Thursday, July 12th, 2018

An image from an article by Tingting Duan (Graduate Student, Geyer Lab) and Pamela Geyer was featured on the July cover of Genetics. The image was taken using a confocal microscope and shows a Drosophila 7-day testis.  Mature spermatozoa form through a process called sperm individualization, wherein an actin rich individualization compex (blue spikes) separates individual sperm (gold) from a 64-spermatid syncytium. Individualization complexes are labeled with phalloidin and sperm are labeled with an antibody to polyglycylated tubulin found in the sperm tails.

Tingting’s article was also featured in Genetics and is described below:

“Drosophila Suppressor of Hairy-wing [Su(Hw)] is a multivalent transcription factor. Although best known for its gypsy retrotransposon insulator function, its functions at non-gypsy genomic binding sites are poorly understood. Duan and Geyer study the newly-discovered requirement for Su(Hw) in spermatogenesis, showing that Su(Hw) is required in testis cyst cells for sustained male fertility. Additionally, their studies build evidence that the prominent function of Su(Hw) at non-gypsy binding sites is as a transcriptional repressor, with its loss causing cell-specific changes in gene expression.”

Congrats Tingting!

Spring 2018 Wallrath Lab Accomplishments

Friday, May 25th, 2018

Lori Wallrath (Professor and Vice Chair, Biochemistry) was featured in the Spring 2018 addition of Quest, a Muscular Dystrophy Association (MDA) new publication, where she praised MDA’s “umbrella” structure of supporting dozens of neuromuscular diseases so that researchers and clinician’s benefit from the “cross-fertilization” of ideas. The article can be found at: http://www.mda.org/quest.

Recent research from the Wallrath Lab was published in Aging Cell. This article describes a new model and potential therapy for cardiac disease associated with several types of muscular dystrophy that are caused by mutations in the human LMNA gene. This project was in collaboration with Dr. Girish Melkani (San Diego State University). https://onlinelibrary.wiley.com/doi/abs/10.1111/acel.12747

Biochemistry Senior Laura Fischer Featured in The Daily Iowan

Tuesday, May 15th, 2018

Laura Fischer, recent Biochemistry graduate, was featured in the May 10, 2018, edition of The Daily Iowan.  Please click on Laura’s picture for link to the May 10th Daily Iowan.

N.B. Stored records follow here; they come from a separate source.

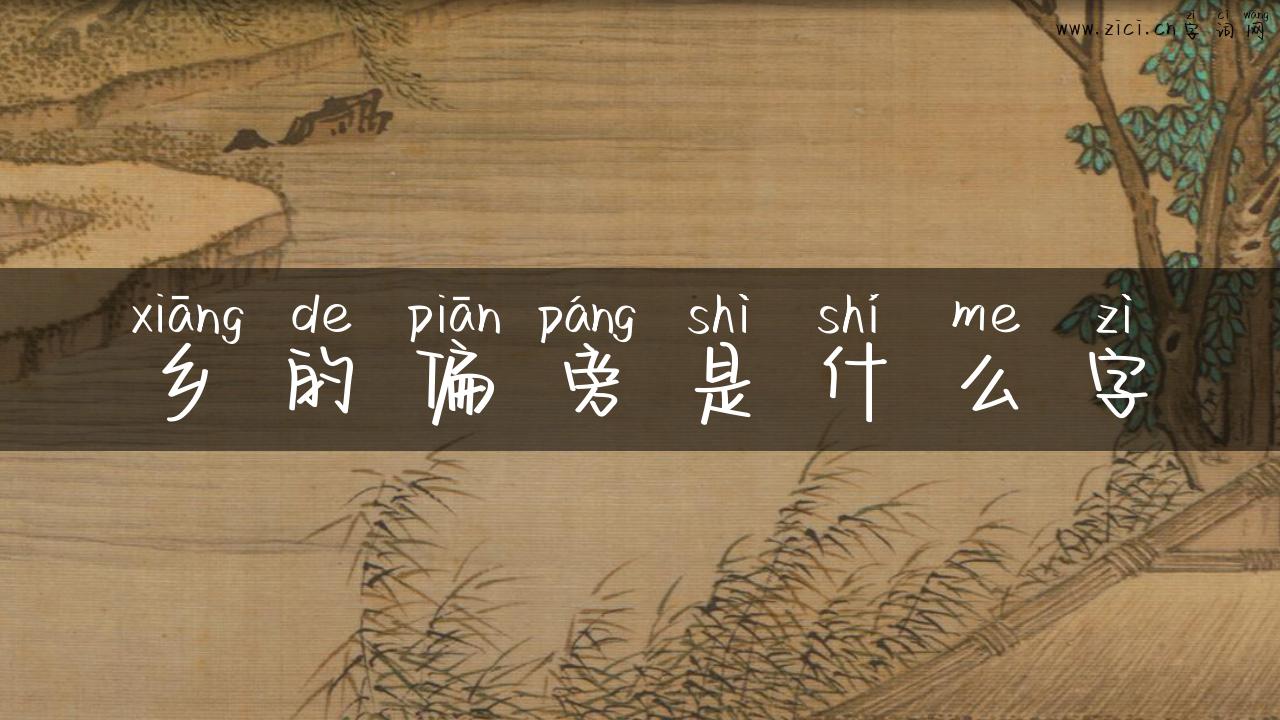 乡的偏旁是什么字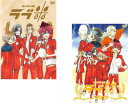 ラブ米(2枚セット) WE LOVE RICE + 二期作【全巻セット アニメ 中古 DVD】メール便可 ケース無:: レンタル落ち 送料無料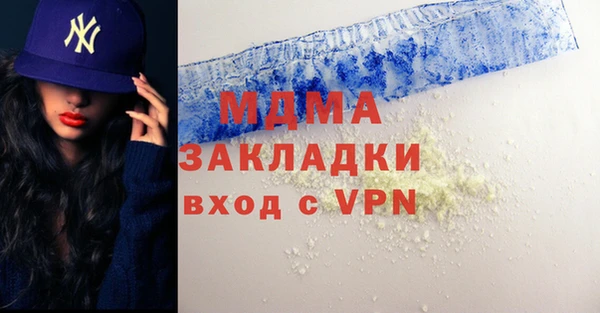 spice Абаза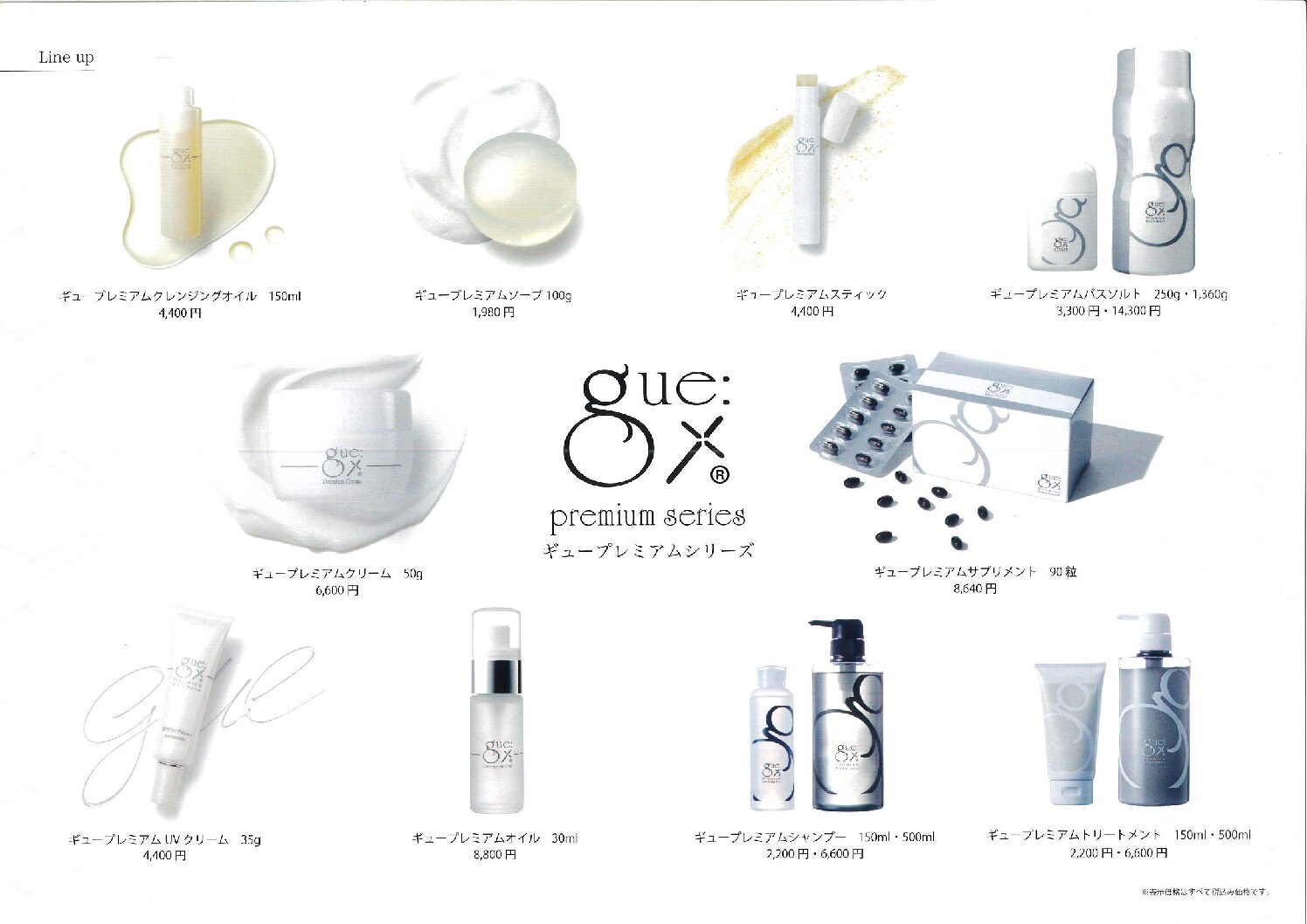 商品情報｜株式会社Grow up | 美容商材の卸から経営支援など美容サロン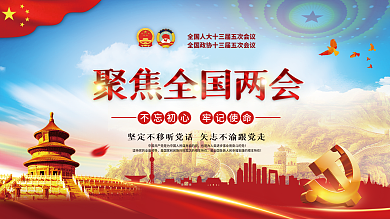 党建风聚焦全国两会全会党史不忘初心展板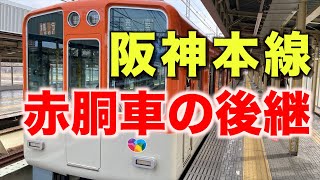 【前面展望】赤胴車の後継優等列車8000系！阪神本線西宮行き急行 福島→武庫川／Osaka train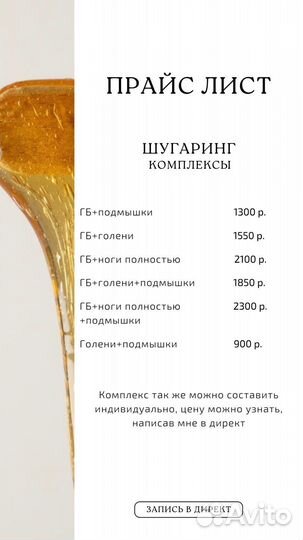 Мастер по шугарингу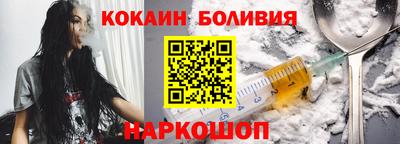 шишки Шахты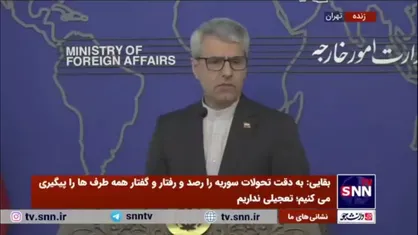 بقایی: در مورد زمان و مکان دور بعدی مذاکرات ایران و تروئیکای اروپا در حال مشاوره هستیم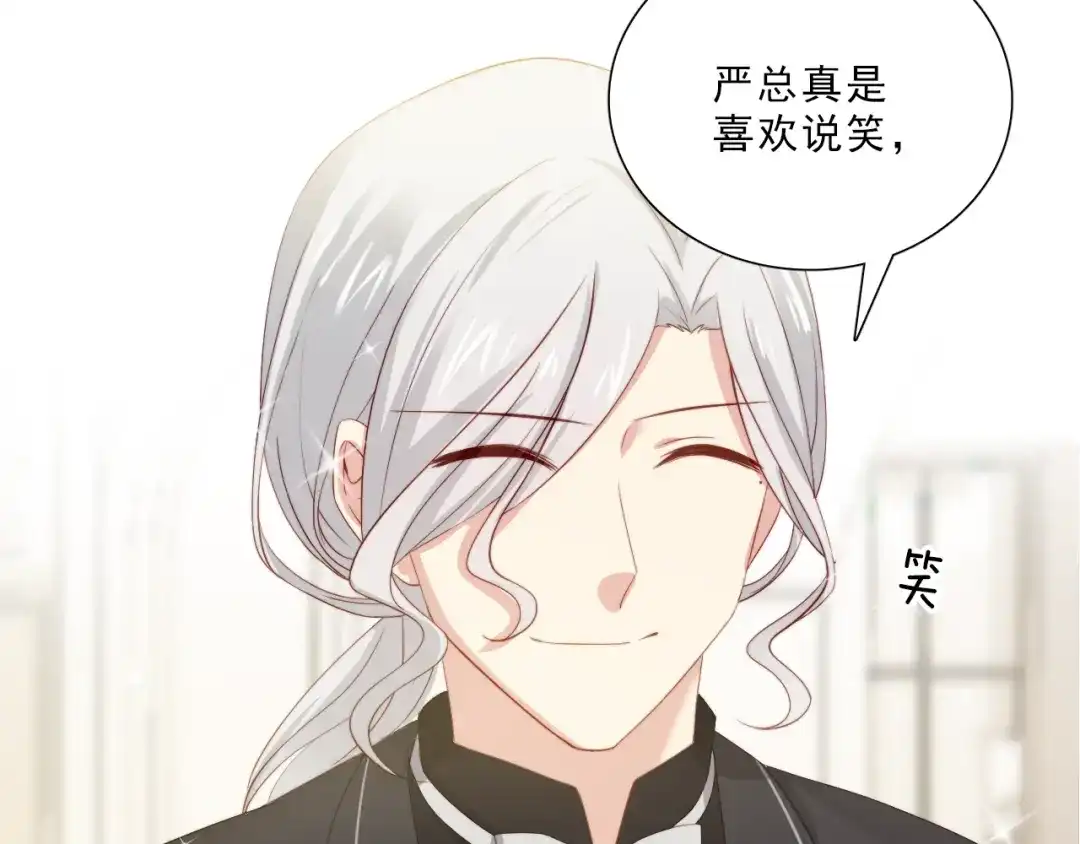 《与爱有关》第36话 强强对决 第54页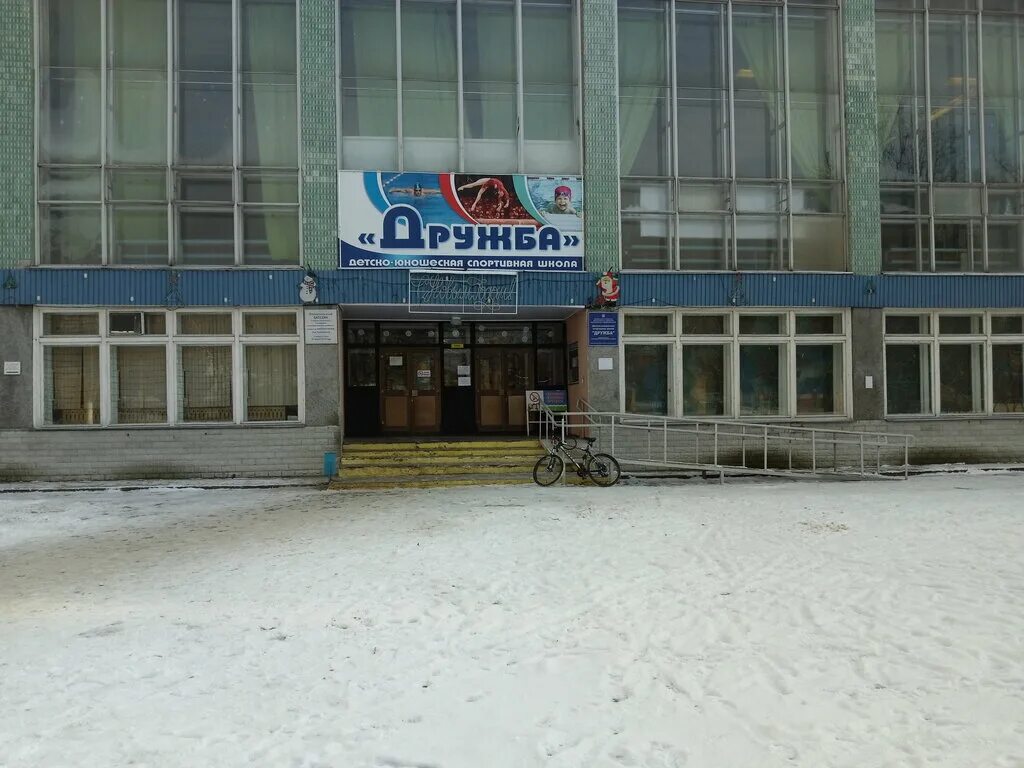 Лагерь. Зимние забавы катание на коньках. Мбу сш дружба. Логотип мку управление хозяйство. Дружба в школе.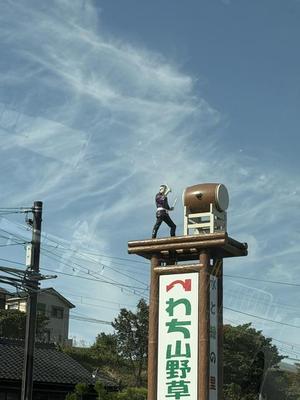 para_20261016-879b06c5b0ea5def8bd937de894e8e9ca1c534d7.jpeg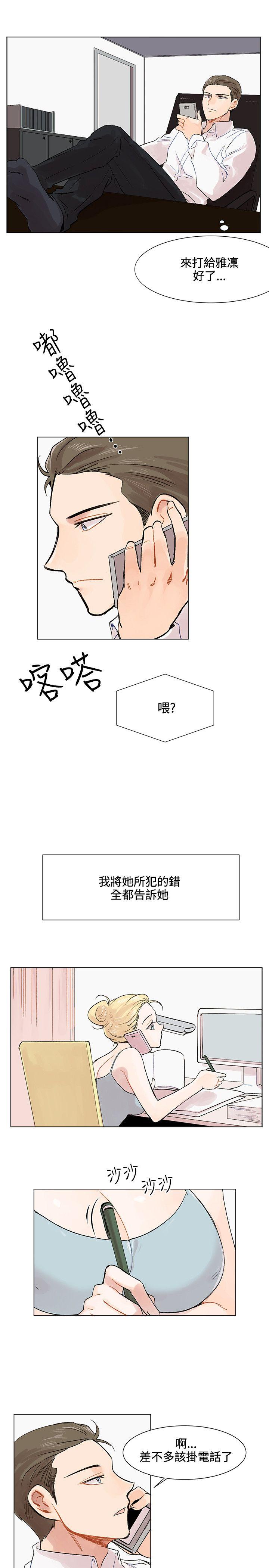 韩国污漫画 合理懷疑 第3话 13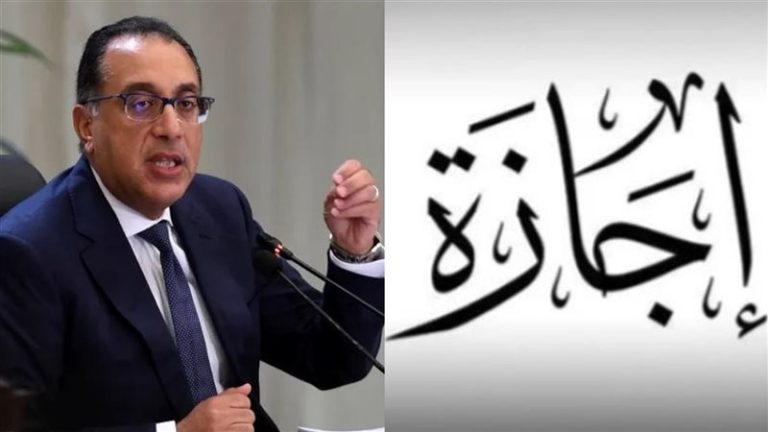 تعويض الموظفين العاملين في إجازة العيد بمقابل مادي وفقًا لقانون الخدمة المدنية
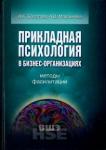 Болотова Алла Константиновна Прикладная психол.в бизнес-организ.Метод.фасилитац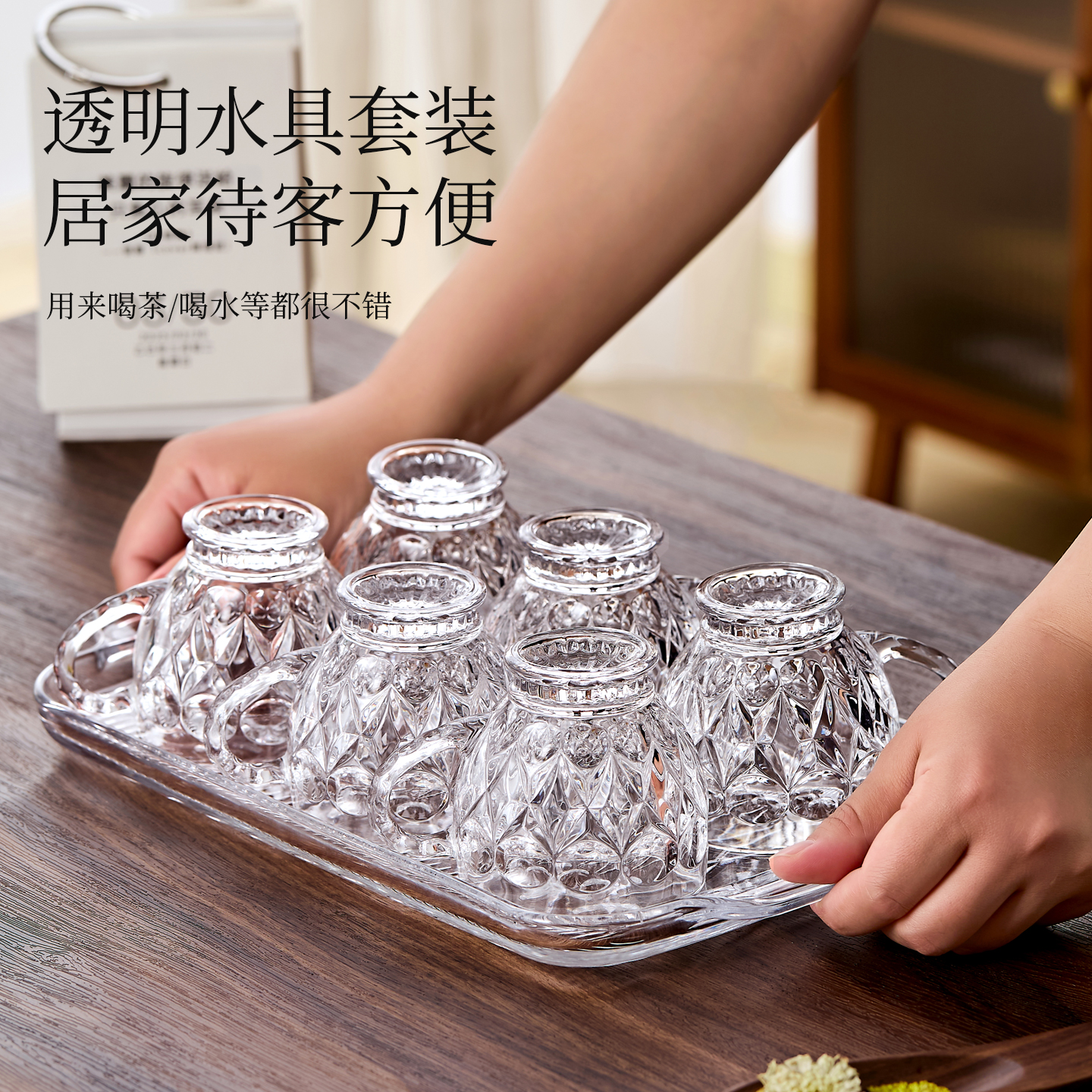 简约带把水杯玻璃咖啡杯家用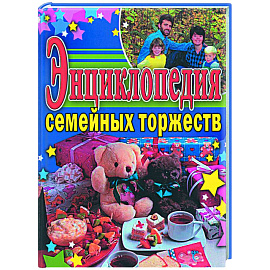 Энциклопедия семейных торжеств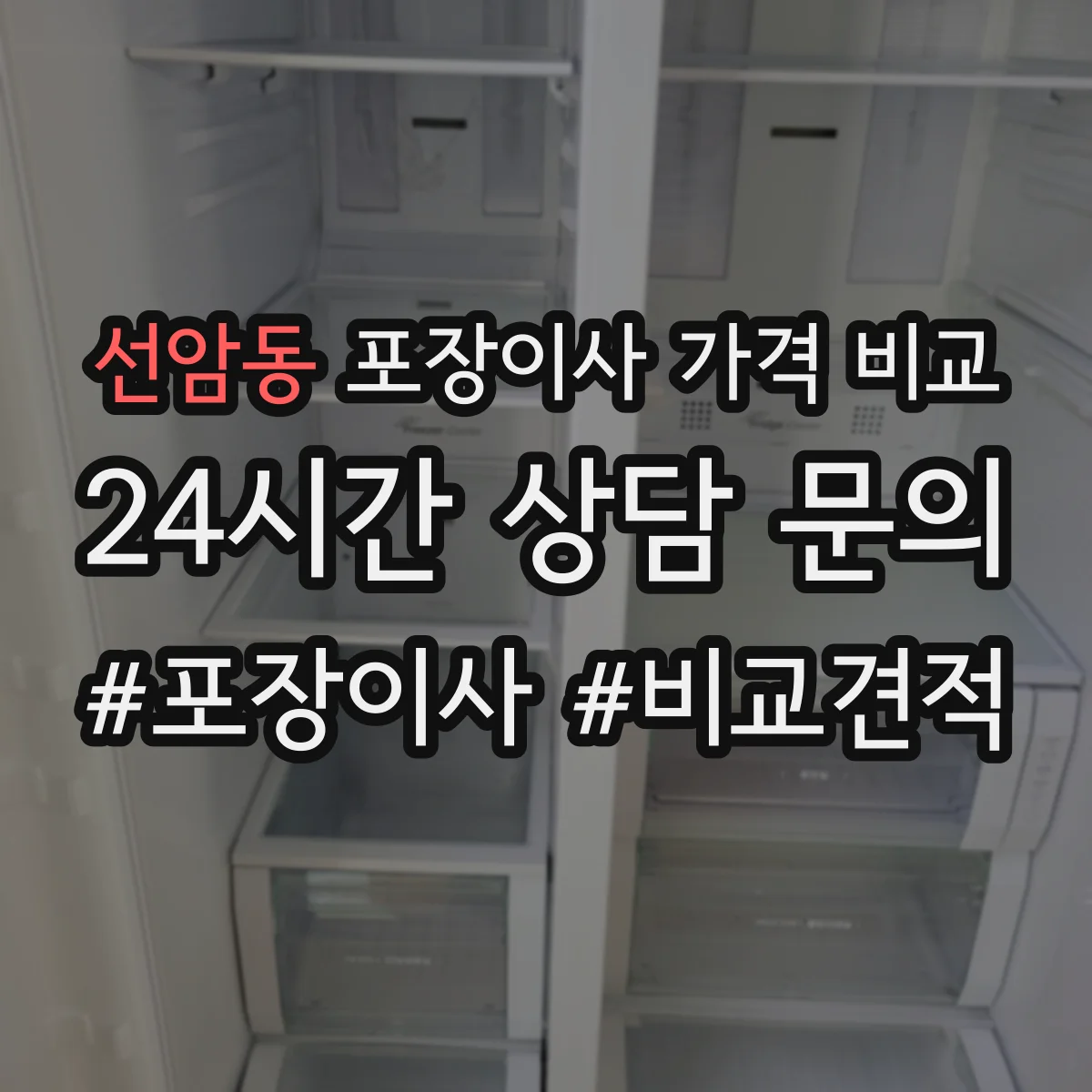 선암동 포장이사 가격 비교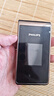 飞利浦（PHILIPS）E6616 老年人翻盖手机4G全网通  超长待机 大电池大屏大声大字老人老年智能按键学生功能机 陨石黑 实拍图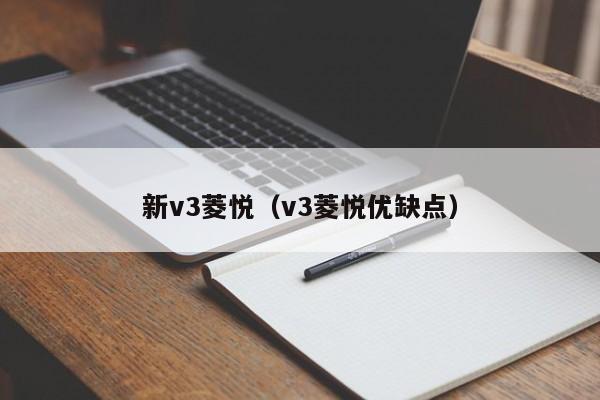 新v3菱悦(v3菱悦优缺点)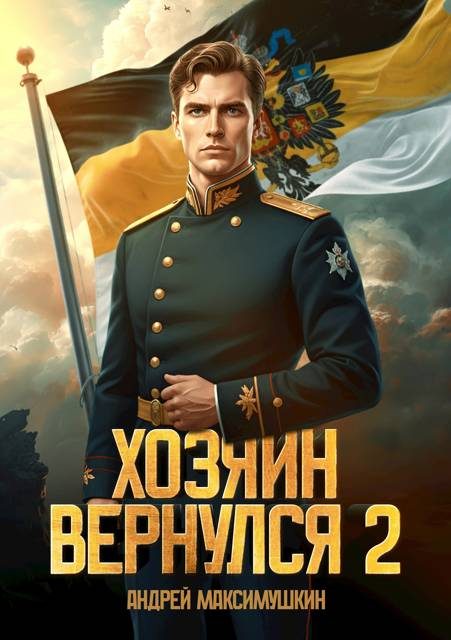 Обложка книги «Хозяин вернулся 2»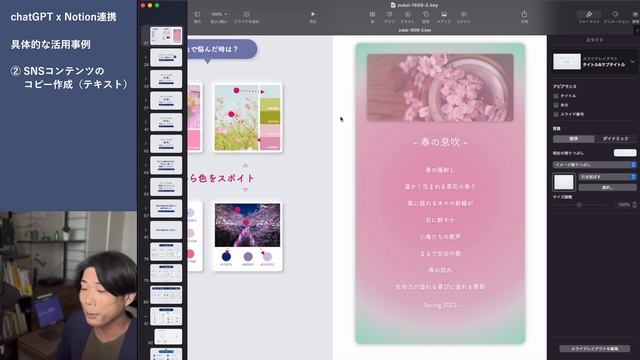 chatGPTとNotion連携の事例3選ともう1つの対話型AI検索エンジンを解説します смотреть онлайн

Tien Thuy (Jane) Nguyen Awarded the Hancher-Finkbine Undergraduate Student Medallion

Tuesday, May 15th, 2018

Tien Thuy (Jane) Nguyen was awarded the Hancher-Finkbine Undergraduate Student Medallion at the 101st Finkbine Dinner on April 10, 2018.  Vice President for Student Life Melissa Shivers was emcee, and UI President J. Bruce Harreld presented the Hancher-Finkbine Medallions and Distinguished Student Leader certificates. 

Jane Nguyen, from Sioux City, Iowa, is majoring in biochemistry in the Carver College of Medicine. Nguyen is an active leader, participant, and co-founder of the Conversation Center, an integrated learning platform designed to provide non-confident English speakers the opportunity to explore and better understand the English language. The center, now a part of the rhetoric department’s curriculum, has provided over 3,101 independent one-on-one sessions since the spring of 2016. In addition, Nguyen has actively participated in more than 800 hours of undergraduate independent research in the Department of Biochemistry, focusing on Replication Protein A and its effect on DNA repair. She exemplifies leadership not only in the classroom but also in her extracurricular activities. As current president and co-founder of Alpha Kappa Delta Phi, Nguyen has played an integral part in the organization’s accomplishments, including achieving active status in the Multicultural Greek Council, establishing the Chapter Alumnae Association, and hosting campuswide workshops aimed at increasing mental health awareness within the Asian community. In the spring of 2017, Nguyen was awarded the T. Anne Cleary scholarship and the Helen Reich scholarship for her scholarship, leadership, and service.

Congratulations, Jane!

14th Annual Gene F. Lata Undergraduate Research Symposium

Thursday, May 3rd, 2018

Ten students presented at this year’s Undergraduate Honors Program. This year marks the fourteenth year for the Gene F. Lata Undergraduate Research Symposium. Please join Professor Marc Wold, Director of Undergraduate Studies and Honors Advisor, in congratulating these 2018 graduates and their research mentors for a job well done.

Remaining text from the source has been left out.